Tony Pitony – Tony Pitony: Come inciampare con stile

By Aleister Rush
7 Novembre 2025 8 Min Read
0

Per raccontarti questa storia devo tornare al 7 dicembre 2024.
Era una di quelle giornate in cui anche il caffè sembra chiedere una pausa. Avevo passato la mattina a litigare con i regali di Natale e con la mia stessa pazienza. Poi, come ogni volta che sono stressato, ho fatto l’unica cosa sensata: ho messo le cuffie e mi sono perso su YouTube.

L’algoritmo, in un raro momento di lucidità divina, mi spara in faccia Striscia di Tony Pitony. Il pezzo era uscito un anno prima e io, fan dichiarato del Gabibbo, non ne sapevo nulla.

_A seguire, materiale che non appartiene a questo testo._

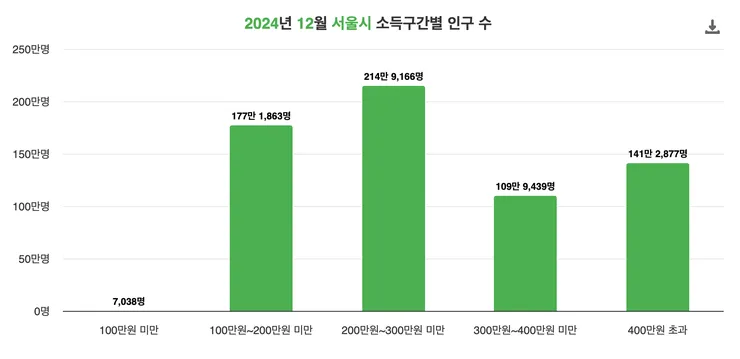 Screenshot 2026-07-13 at 3.29.36 PM.png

Chi mi conosce lo sa: per me il Gabibbo è una divinità. Ho visto il suo discorso al Telegatto più volte di quante vorrei ammettere e ho ancora impressa l’immagine di lui che sale sul palco con Lady Diana. Ha pure una discografia rispettabile e, piccola perla dimenticata, esiste anche una Gabibba. (Perché nessuno se la ricorda mai?)

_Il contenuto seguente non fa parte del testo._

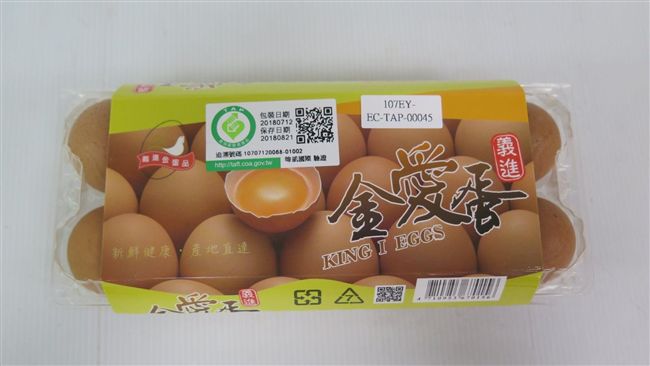 即期蛋改標再販售　飯店、超市恐遭殃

Scoprire Striscia per caso è stato come ricevere una telefonata da un parente che credevi morto e che invece ti invita a visitare la sua nuova villa.

E oggi, 7 novembre, anniversario della nascita di Striscia la Notizia, vi racconto il suo omonimo disco.

Tony, il performer concettuale

Immagina un ragazzo siciliano che a diciott’anni fa le valigie e vola in Inghilterra per studiare recitazione. Niente raccomandazioni, solo una borsa di studio e una fame di libertà.

Ma arriva una rivelazione: capisce che non vuole diventare un “Artista” come quelli che lo circondano. Non vuole essere un esecutore perfetto, vuole sporcarsi, sbagliare, mettersi a disagio.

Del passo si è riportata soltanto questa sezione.